___ WORKING DATA

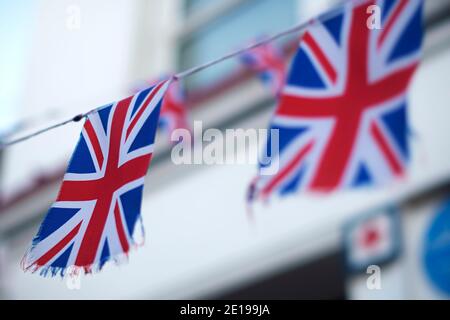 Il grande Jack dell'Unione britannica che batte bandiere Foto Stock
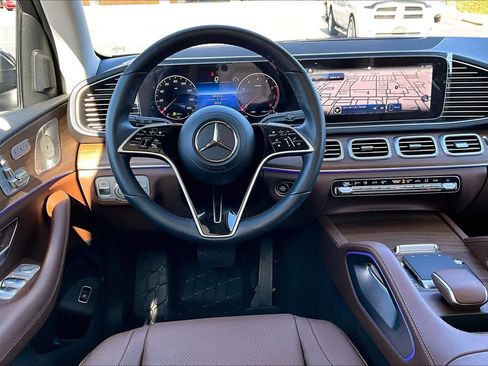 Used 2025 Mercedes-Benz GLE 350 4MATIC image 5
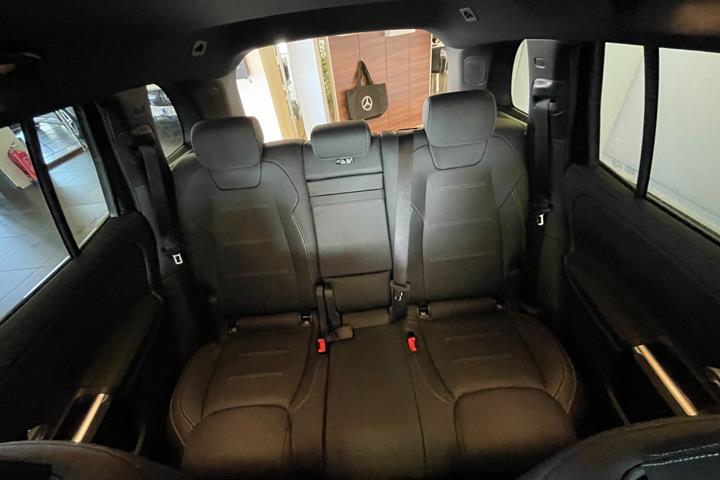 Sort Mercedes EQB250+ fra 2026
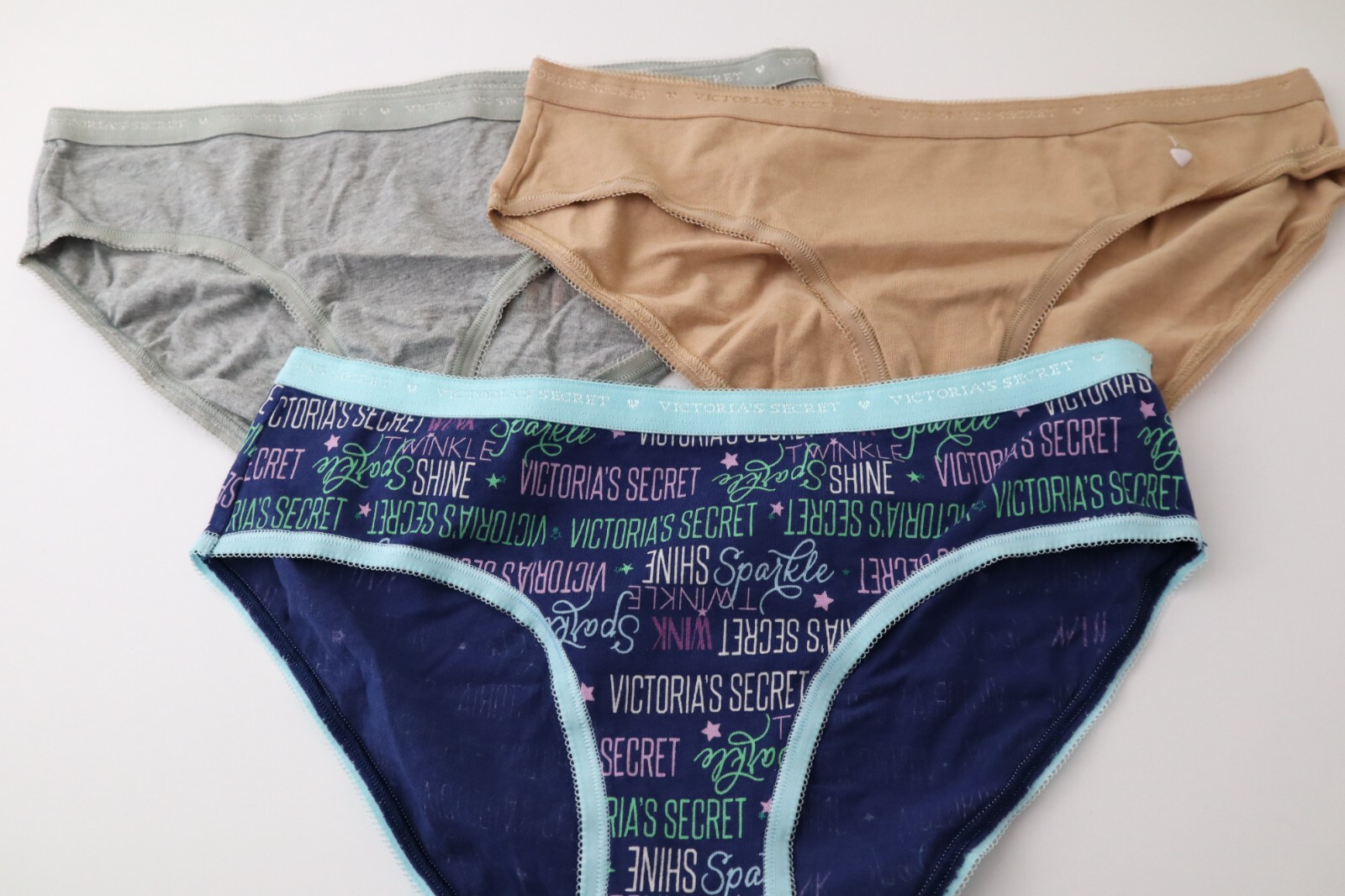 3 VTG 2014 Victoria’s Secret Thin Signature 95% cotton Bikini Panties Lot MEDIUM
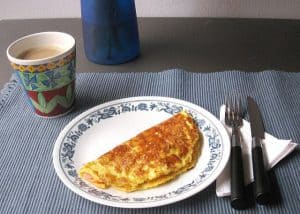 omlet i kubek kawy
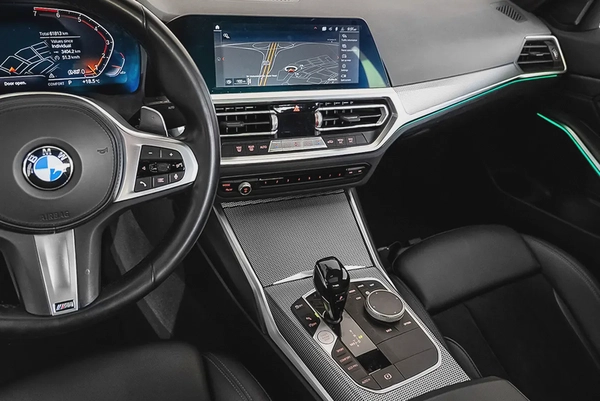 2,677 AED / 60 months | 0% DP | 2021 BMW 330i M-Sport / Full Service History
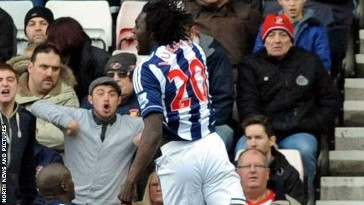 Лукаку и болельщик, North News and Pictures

______

* _ACTIVITY_: Everything in the entries above must be output again exactly, except the pictures.

* _RESULT FOR THIS EXERCISE_:
 Il grande Jack dell'Unione britannica che batte bandiere Foto Stock
 Used 2025 Mercedes-Benz GLE 350 4MATIC image 5
 Sort Mercedes EQB250+ fra 2026
 3 VTG 2014 Victoria’s Secret Thin Signature 95% cotton Bikini Panties Lot MEDIUM
 omlet i kubek kawy
 2,677 AED / 60 months | 0% DP | 2021 BMW 330i M-Sport / Full Service History
 Лукаку и болельщик, North News and Pictures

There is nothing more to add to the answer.